THE TASK: Without including any pictures, give back all of the data exactly.

SOURCE MATERIAL:

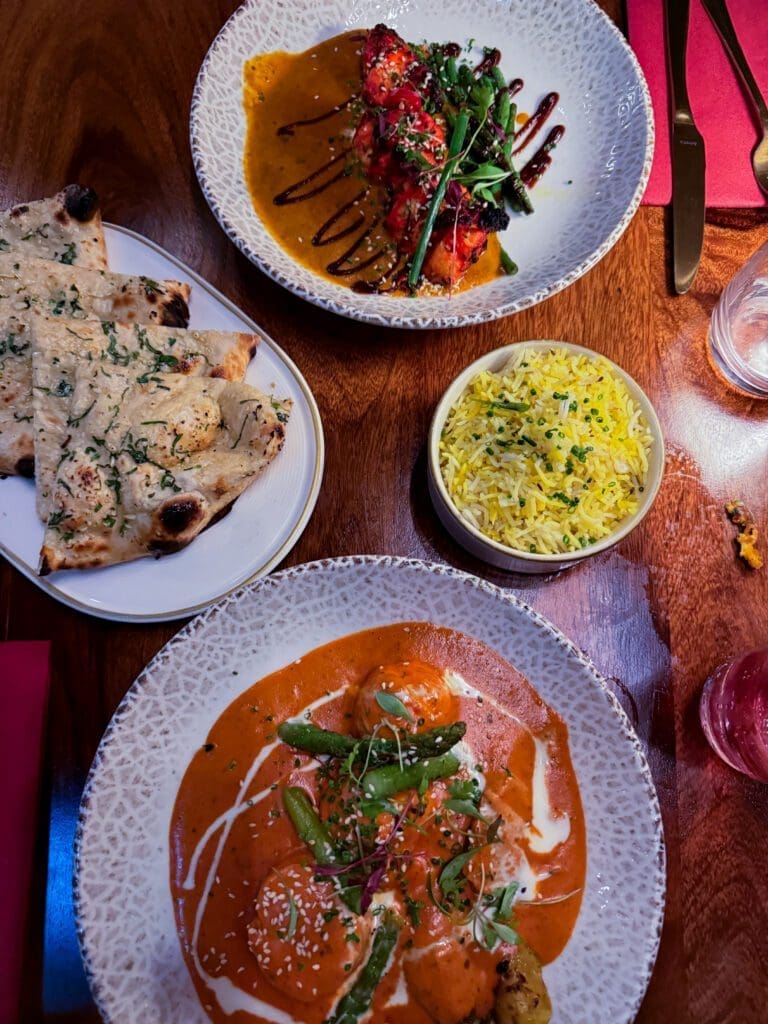Overhead shot of mains at Passan’s Nottingham — Tandoori Monkfish, Malai Chicken, Garlic Naan, and Pilau Rice served on a dark wooden table.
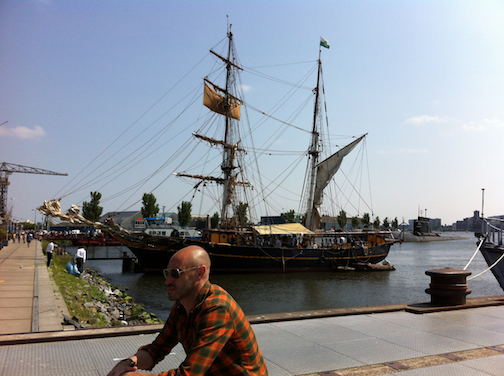 A bicylist on his way to ferry to central Amsterdam on other side of pirate ship, I mean Tres Hombres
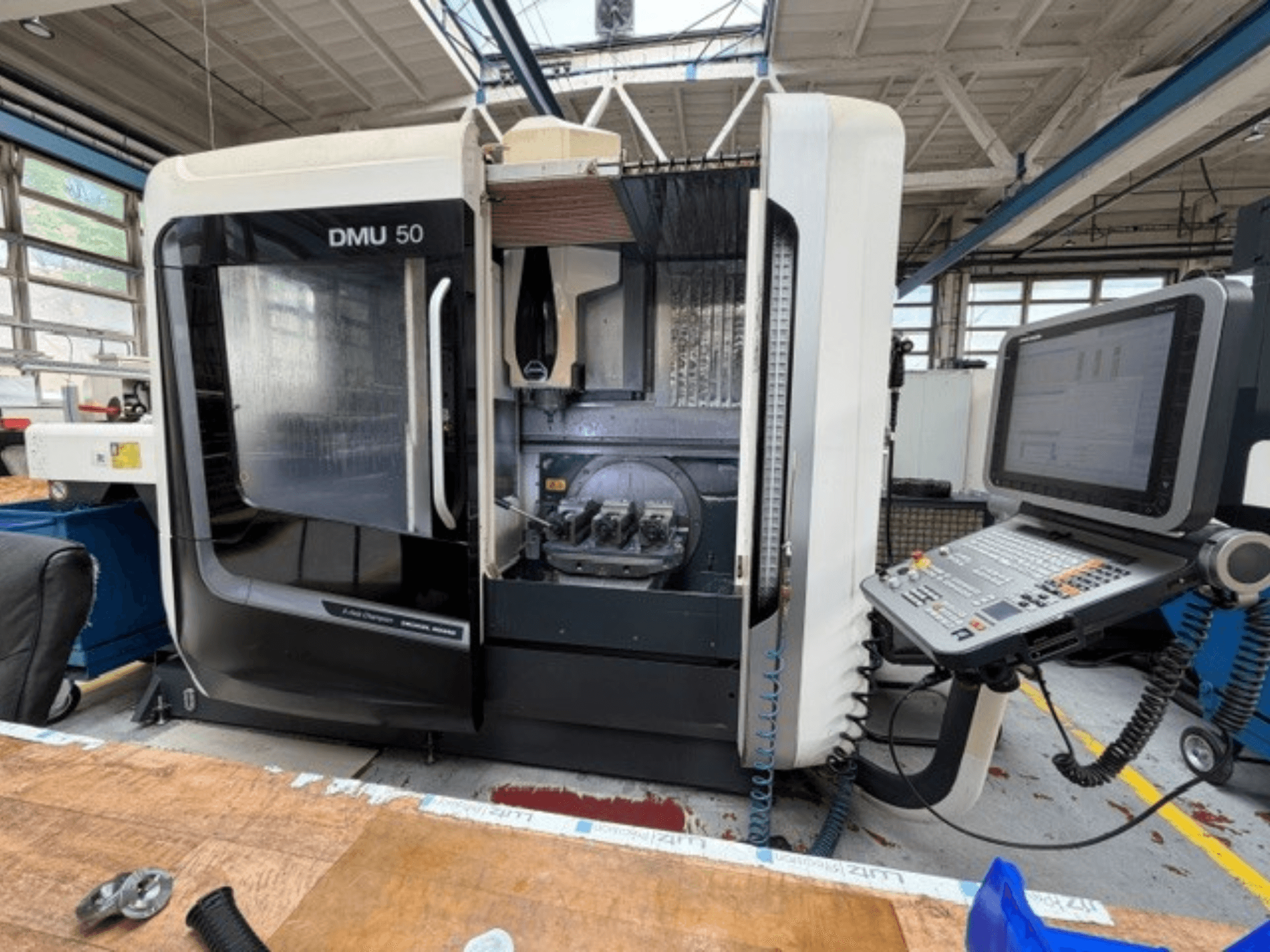 Centro de mecanizado vertical DMG MORI DMU 50 de tercera generación, visto desde delante, con la puerta abierta, el panel de control CNC a la vista y el espacio de trabajo en el interior.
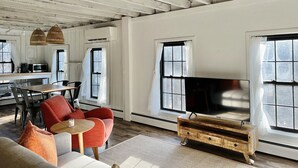 A spacious living room with a large TV, wooden furniture, and a kitchen area with a microwave. - Bohemian style open LOFT (Kingston)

RESPONSE TO THIS TASK:
Overhead shot of mains at Passan’s Nottingham — Tandoori Monkfish, Malai Chicken, Garlic Naan, and Pilau Rice served on a dark wooden table.
 A bicylist on his way to ferry to central Amsterdam on other side of pirate ship, I mean Tres Hombres
 Centro de mecanizado vertical DMG MORI DMU 50 de tercera generación, visto desde delante, con la puerta abierta, el panel de control CNC a la vista y el espacio de trabajo en el interior.
 A spacious living room with a large TV, wooden furniture, and a kitchen area with a microwave. - Bohemian style open LOFT (Kingston)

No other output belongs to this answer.